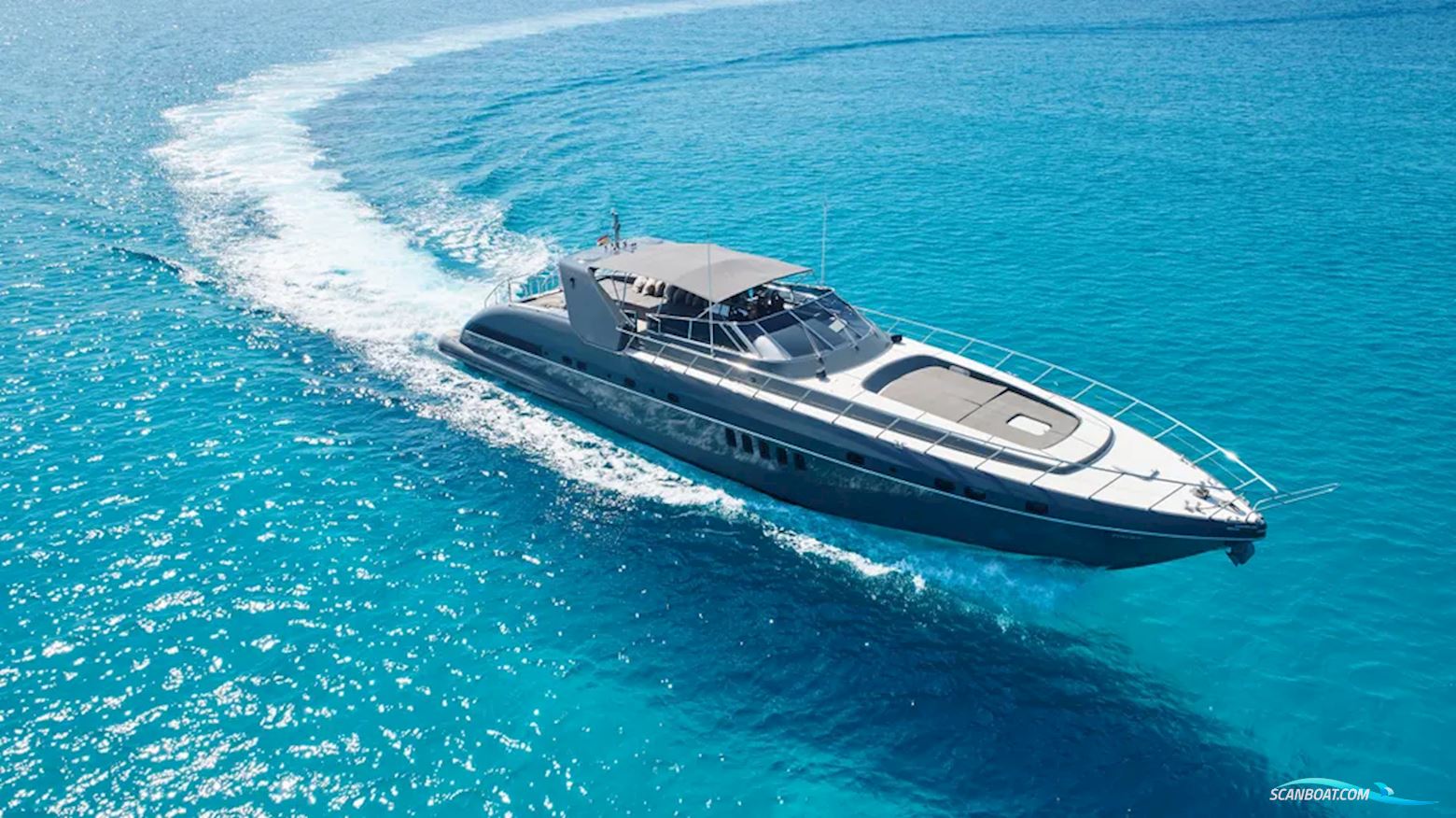 Mangusta 80 Open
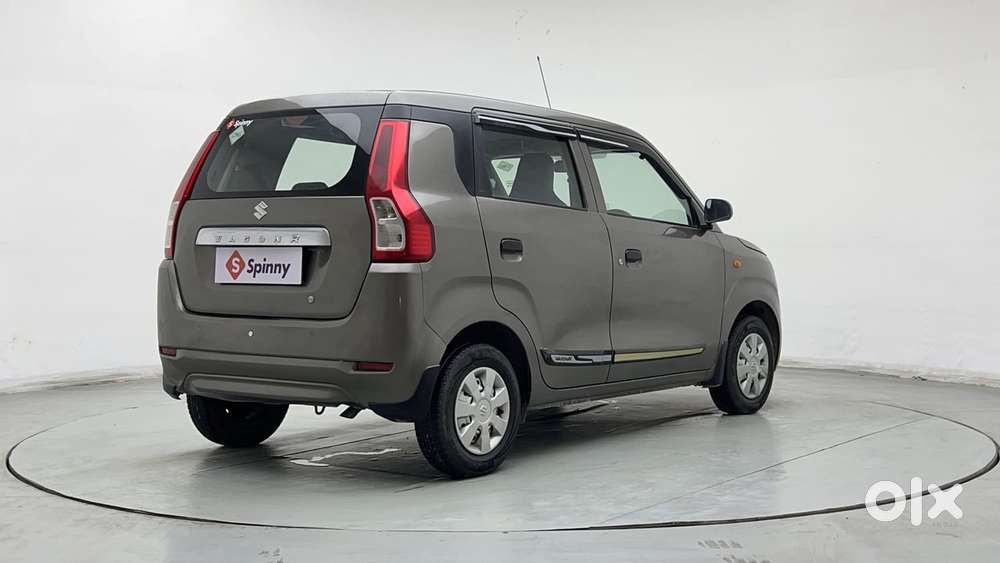 Maruti Suzuki Wagon R 1.0 2019-2022 Lxi (o) Cng, 2021, Cng & Hybrids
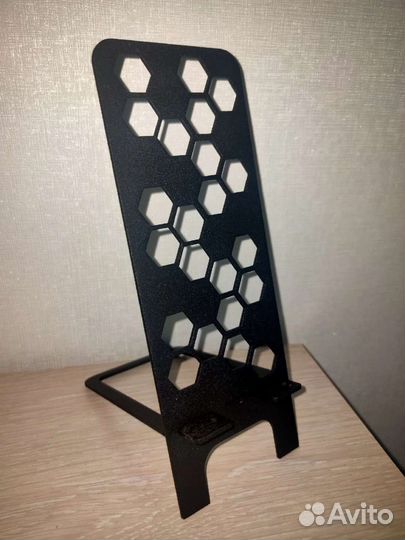 Изготовление индивидуальных подставок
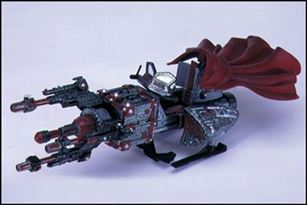 Spawn Vehicles (Series 3) Cover Image 1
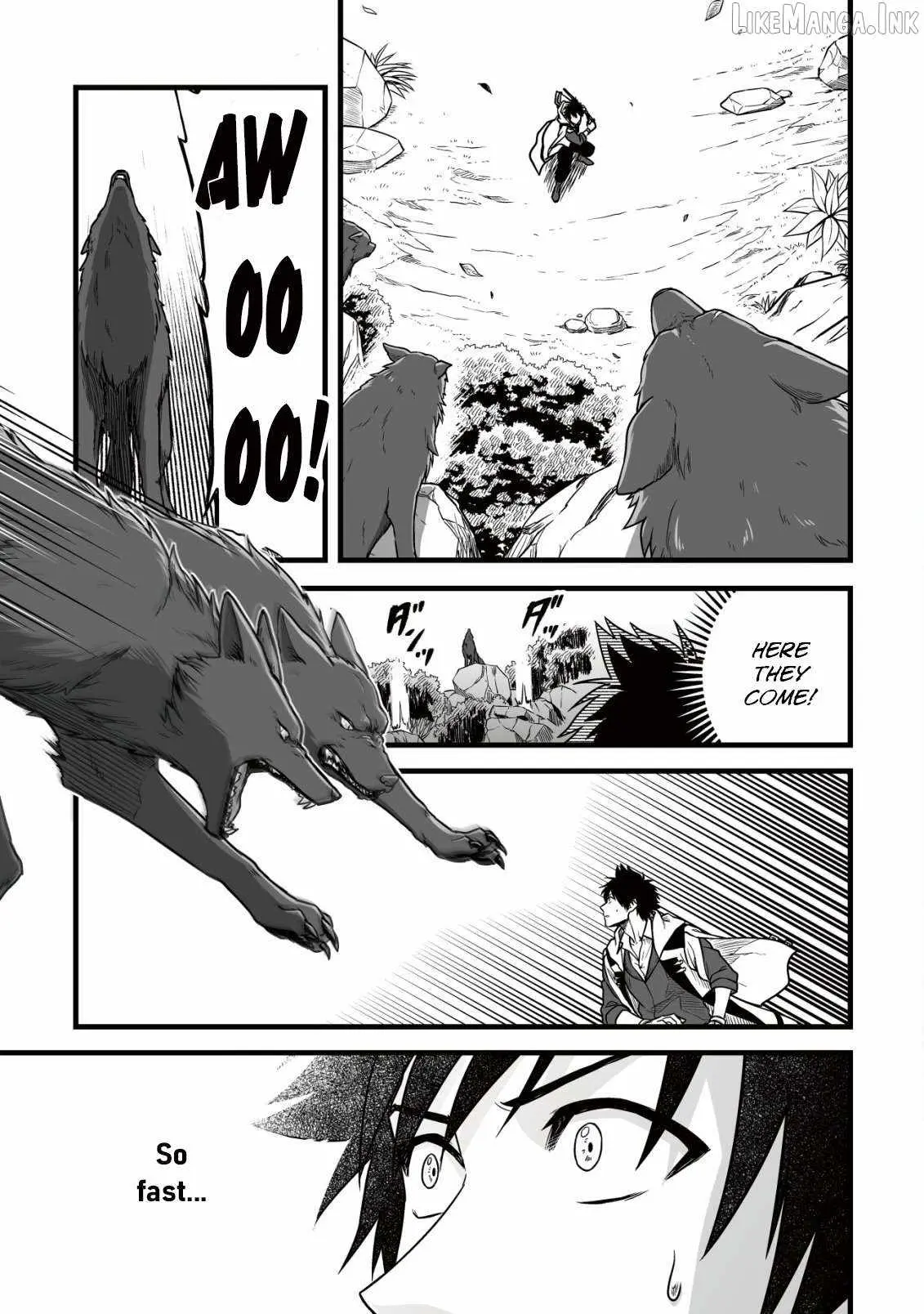 Yuiitsu Muni No Saikyou Tamer Chapter 26 page 3 - 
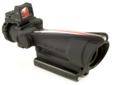 Trijicon ACOG 3.5x35 Ill RedX .223 4.0 MOA TA11J-RMR
Manufacturer: Trijicon
Model: TA11J-RMR
Condition: New
Availability: In Stock
Source: http://www.fedtacticaldirect.com/product.asp?itemid=54196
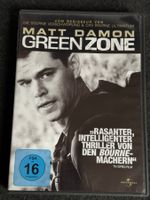GREENZONE DVD DE/EN Matt Damon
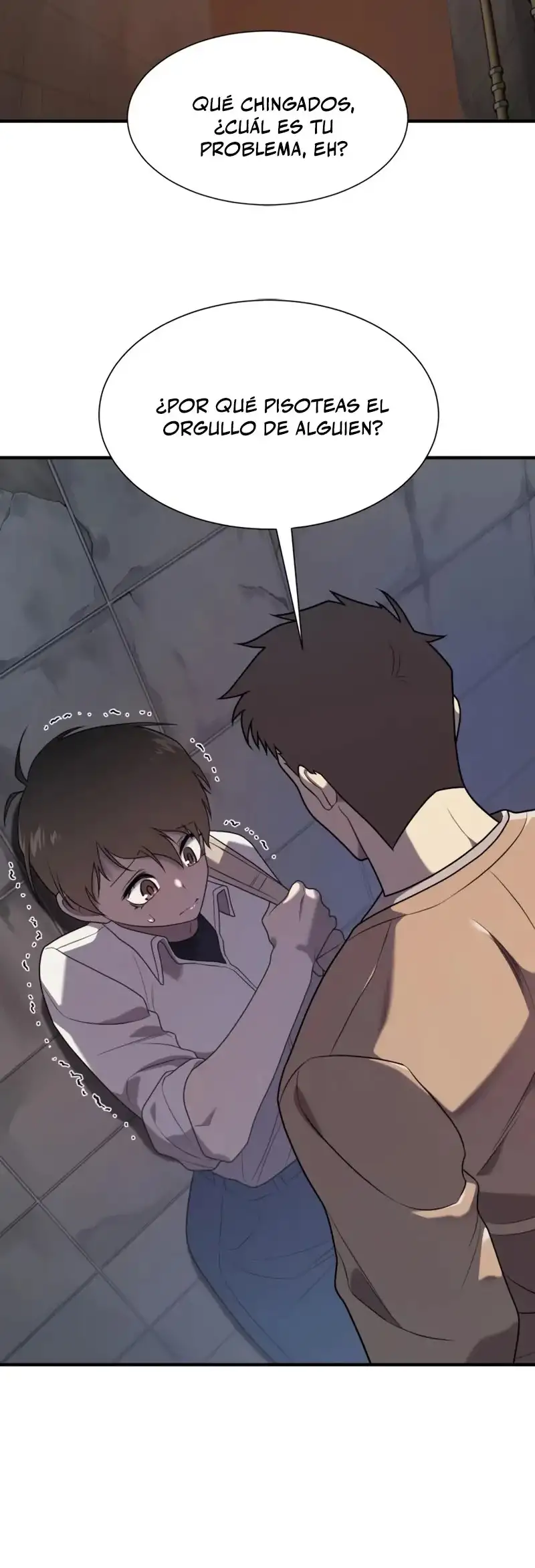 Read El Mejor Ingeniero del Mundo ES Manga Online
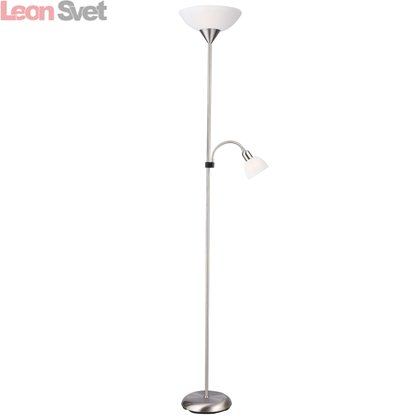 Торшер DUETTO A9569PN-2SI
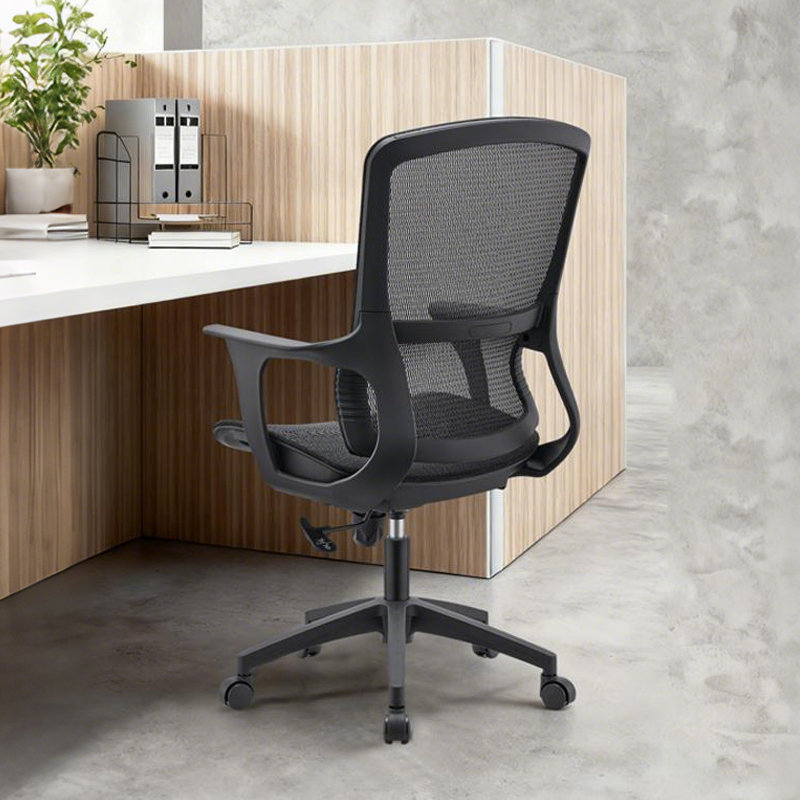 Cadeira de escritório de malha - Task Chair Mid Back avaliação e preço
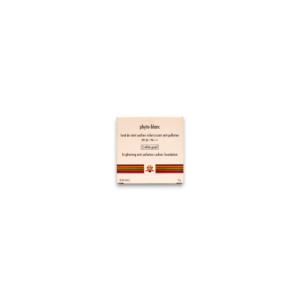sisley, phyto blanc, fondotinta compatto, #2, perla bianca, spf 30, 14 g
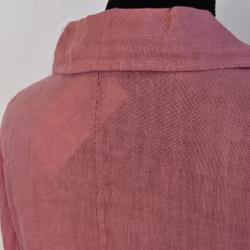 Linneskjorta Amalia FUSCHIA - Stajl Agenturer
# # # # #
**TASK DIRECTIONS:**
When you repeat the material, keep every word exact and drop the pictures.

**EXPECTED ANSWER:**
 Mangusta 80 Open
 Maruti Suzuki Wagon R 1.0 2019-2022 Lxi (o) Cng, 2021, Cng & Hybrids
 Изготовление индивидуальных подставок
 Spawn Vehicles (Series 3) Cover Image 1
 Yuiitsu Muni No Saikyou Tamer Chapter 26 page 3 - 
 Trijicon ACOG 3.5x35 Ill RedX .223 4.0 MOA TA11J-RMR
Manufacturer: Trijicon
Model: TA11J-RMR
Condition: New
Availability: In Stock
Source: http://www.fedtacticaldirect.com/product.asp?itemid=54196
GREENZONE DVD DE/EN Matt Damon
 Read El Mejor Ingeniero del Mundo ES Manga Online
 Торшер DUETTO A9569PN-2SI
 Cadeira de escritório de malha - Task Chair Mid Back avaliação e preço
sisley, phyto blanc, fondotinta compatto, #2, perla bianca, spf 30, 14 g
 Linneskjorta Amalia FUSCHIA - Stajl Agenturer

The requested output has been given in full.